» Input

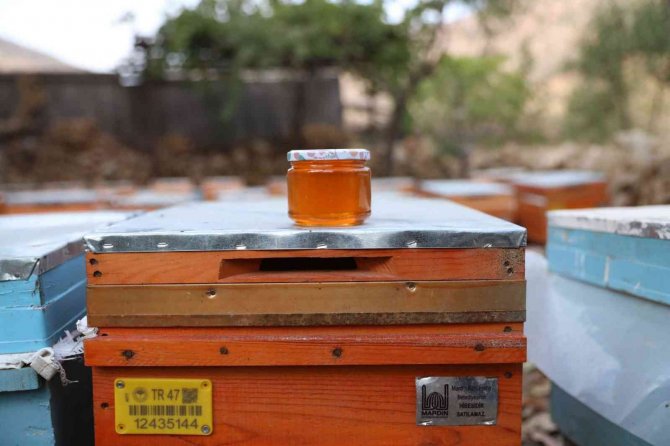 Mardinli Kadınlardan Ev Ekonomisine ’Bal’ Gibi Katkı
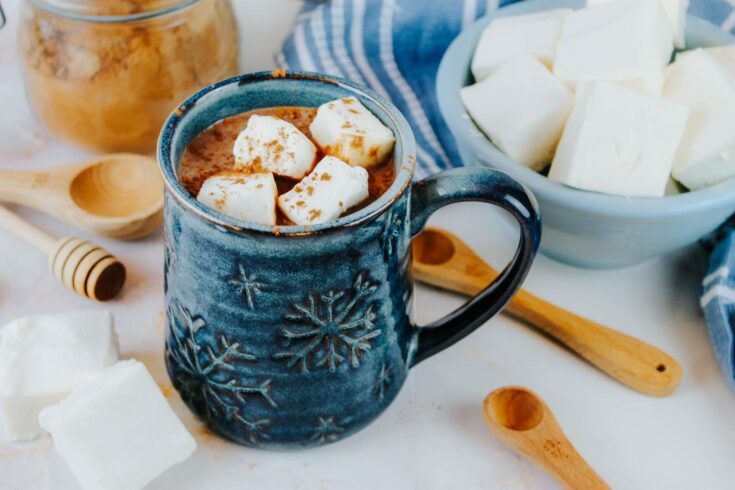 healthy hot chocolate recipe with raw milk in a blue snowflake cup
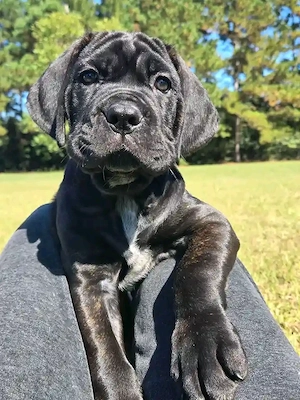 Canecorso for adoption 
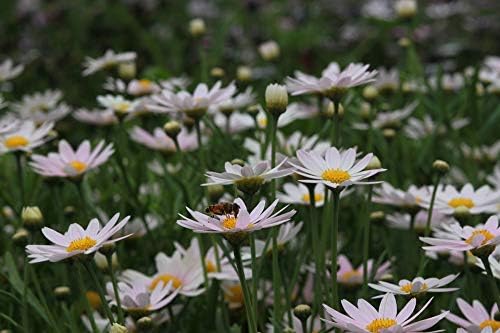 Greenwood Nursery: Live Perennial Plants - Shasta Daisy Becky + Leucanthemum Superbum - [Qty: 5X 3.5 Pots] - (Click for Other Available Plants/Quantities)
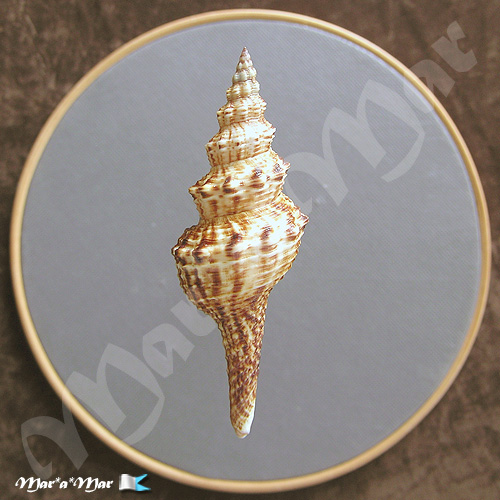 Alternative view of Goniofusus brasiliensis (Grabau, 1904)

...

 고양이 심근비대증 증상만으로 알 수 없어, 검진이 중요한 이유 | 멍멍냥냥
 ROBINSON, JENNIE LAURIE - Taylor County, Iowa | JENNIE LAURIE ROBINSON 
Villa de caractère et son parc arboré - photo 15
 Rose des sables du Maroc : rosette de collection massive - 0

» Task to complete
Print nothing except the lines above from the one containing "Mardinli Kadınlardan Ev" down to the one containing "Alternative view of", both included, exactly as written and free of pictures.

» Task answer
 Mardinli Kadınlardan Ev Ekonomisine ’Bal’ Gibi Katkı
 healthy hot chocolate recipe with raw milk in a blue snowflake cup
 Canecorso for adoption 
 Greenwood Nursery: Live Perennial Plants - Shasta Daisy Becky + Leucanthemum Superbum - [Qty: 5X 3.5 Pots] - (Click for Other Available Plants/Quantities)
 Alternative view of Goniofusus brasiliensis (Grabau, 1904)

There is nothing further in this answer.